One-Way-Doors und Two-Way-Doors
Noch zwei solcher Wortbilder: One-Way-Doors und Two-Way-Doors. Bei One-Way-Doors handle es sich um Entscheidungen, die sitzen müssen, aus denen man nicht durch eine andere Tür wieder heraus könne. „Die Entscheidung, versandkostenfrei zu liefern, war eine solche. Wenn sie das wieder zurücknehmen, das mag der Kunde nicht“, sagte Kleber. Bei den allermeisten Entscheidungen aber sei das nicht der Fall, dürfe geirrt werden, könne man durch die Tür zurück – oder noch besser: durch eine andere zu einem besseren Resultat kommen. „Ein Experiment, dessen Ausgang Sie kennen, ist kein Experiment“, sagte Kleber, und: „Nur mit diesem Prinzip ist unser Innovationstempo überhaupt möglich.“
Digitalisierung erst am Anfang
Der sprachgesteuerte Assistent Alexa, die Lieferung innerhalb einer Stunde und der Laden ohne Kasse seien nur einige Beispiele für Neuentwicklungen, die aus so einer Idee entstanden seien. Und sie seien Beispiele dafür, „dass wir erst am Anfang der Digitalisierung stehen. Die Möglichkeiten werden sich rasant vervielfältigen.“
Leicht genervt
Die anschließenden Fragen aus dem Publikum beantwortete Kleber zwar routiniert, aber durchaus auch leicht genervt. Als ein Student wissen wollte, was er denn zu den Arbeitskämpfen bei Amazon Deutschland sage und es dafür Beifall gab, sagte Kleber: „Ich weiß nicht, warum Sie da applaudieren. In unseren Versandlagern herrschen gute Arbeitsbedingungen, es wird ordentlich bezahlt und es gibt Betriebsräte.“ Der Fragesteller könne jederzeit einen Standort seiner Wahl besuchen. Der nahm die Einladung dankend an.

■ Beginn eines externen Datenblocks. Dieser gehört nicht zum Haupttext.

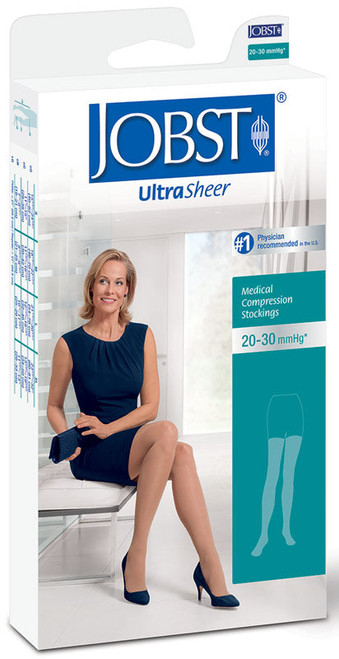 Med Thigh-Hi, Black, Clsd Toe Ultrasheer, 20-30 mm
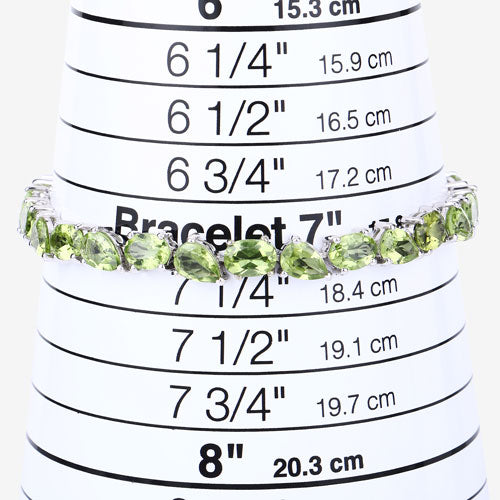21.37 Carat Genuine Peridot .925 Sterling Silver Bracelet Bids.com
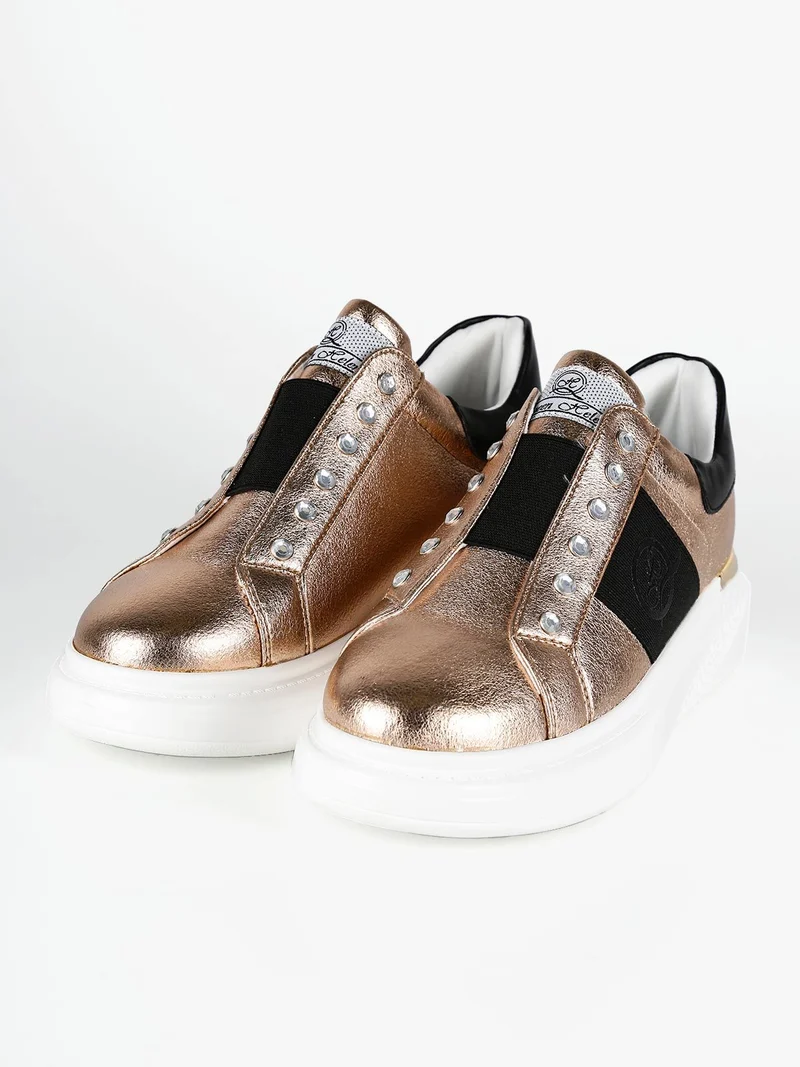 Sneakers donna slip on con strass - oro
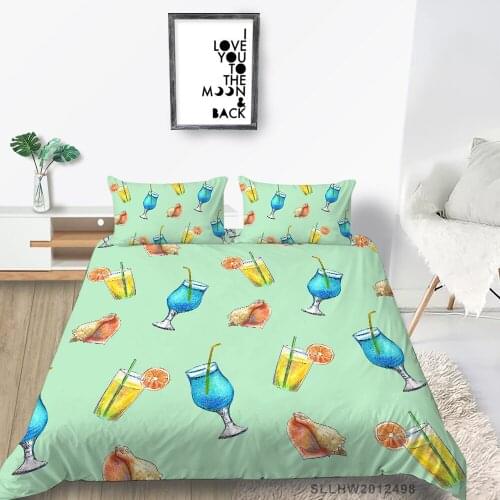 Cartoon Bedding Set Drinks 3D Creative Duvet Cover Conch Queen Twin Full Double Single King Green Bed Set For Children
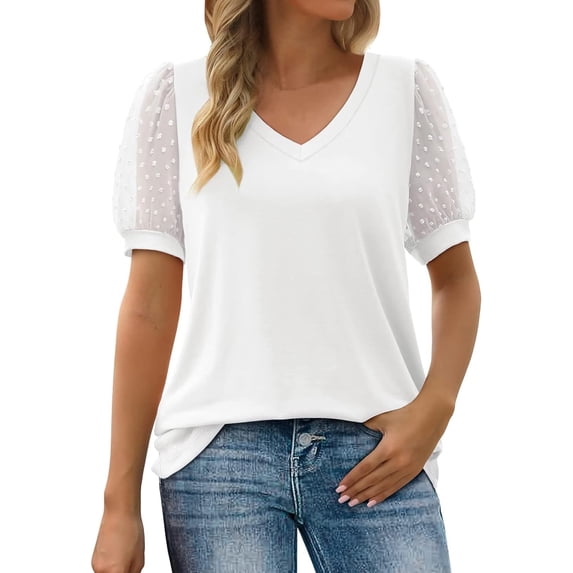 Cute Summer Tops for Women 2024 Trendy for Work Knit Tops Short Sleeve Women Blouses Casual Tops Fashion Blouses Women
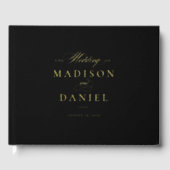Schwarze Moderne, elegante Script Classic Wedding Gästebuch (Vorderseite)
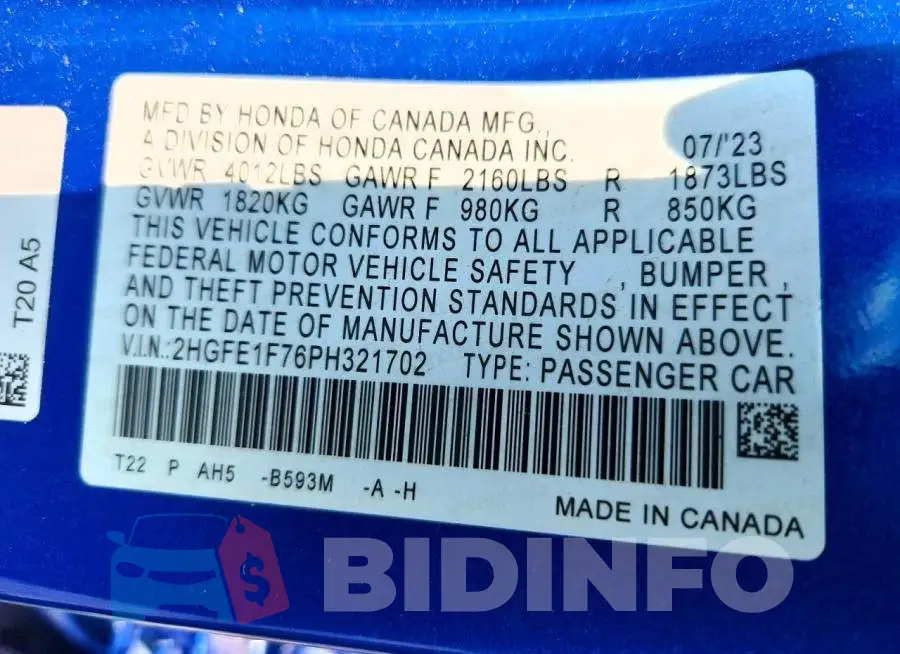 2HGFE1F76PH321702 Photo# 13
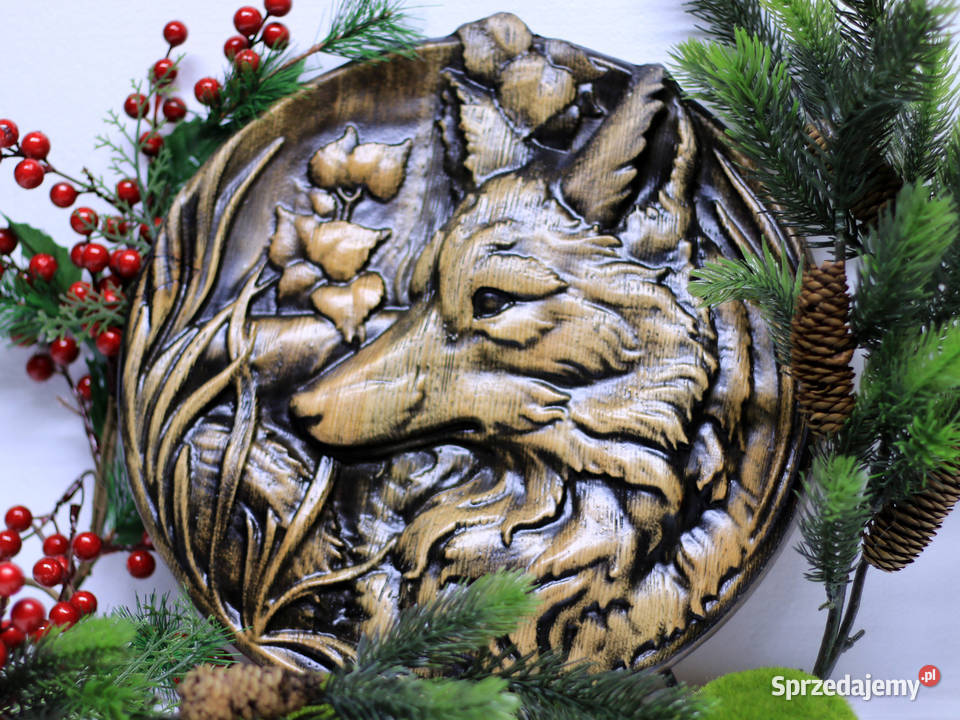 Płaskorzeźba drewniana Lis w bieszczadzkich Sztuka współczesna sprzedam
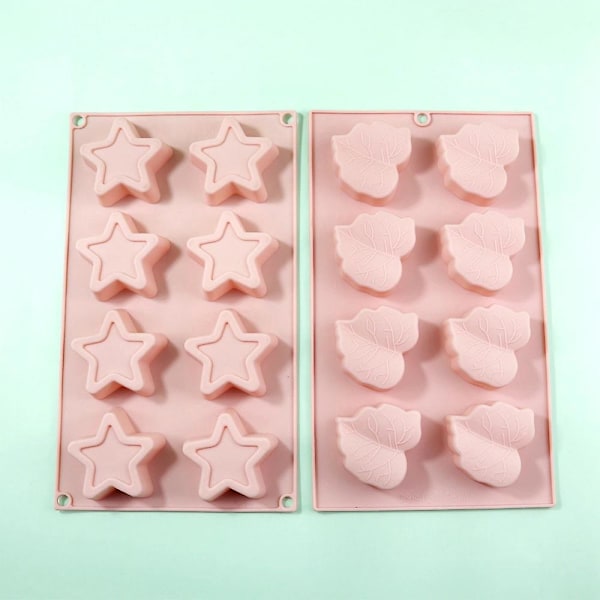 Genanvendelig Stjerne- og Blad Chokoladeform - Perfekt til Chokolade, Isbiter, Gele og Slik (2 stk. Pink)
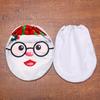 Santa Claus Snowman Toilet Two-piece Set Creative Cartoon Toilet Mat Toilet Seat Lid Cover Floor Carpet Set Christmas Decoration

Steuermöglichkeiten werden genutzt
Die nächste Frage zielte auf das Thema Steuervermeidung, was Kleber schon mit einem „Warum sind Sie so depressiv?“ konterte, ehe er sagte, man müsse differenzieren. Amazon führe ab, was anfällt. Es sei aber klar, dass große Konzerne auf dem Gebiet Möglichkeiten hätten, die sie auch nutzen. Allerdings habe sein Unternehmen in den zurückliegenden Jahren auch zehn Milliarden Euro in den Standort Deutschland investiert und 16.000 Jobs geschaffen. „Man kann das also nicht nur an den Steuern messen.“
Dass Schuhunternehmer Heinrich Otto Deichmann am ersten Tag sinngemäß gesagt hatte, er habe sich gegen einen Vertrieb über Amazon entschieden, weil es sich um eine Datenkrake handle, kommentierte Kleber trocken so: „Das ist die freie unternehmerische Entscheidung von Herrn Deichmann.“
Nach dem Kongress ist vor dem Kongress
Jetzt muss ich mich erst mal setzen.“ Viele Stunden war Carmen Schreyer seit Beginn des Ökonomiekongresses auf den Beinen. Jetzt, nach dem Schlussvortrag von Amazon-Deutschlandchef Ralf Kleber, fällt der Druck von der Organisationschefin ab.„Und ein dicker Stein vom Herzen“, sagt sie.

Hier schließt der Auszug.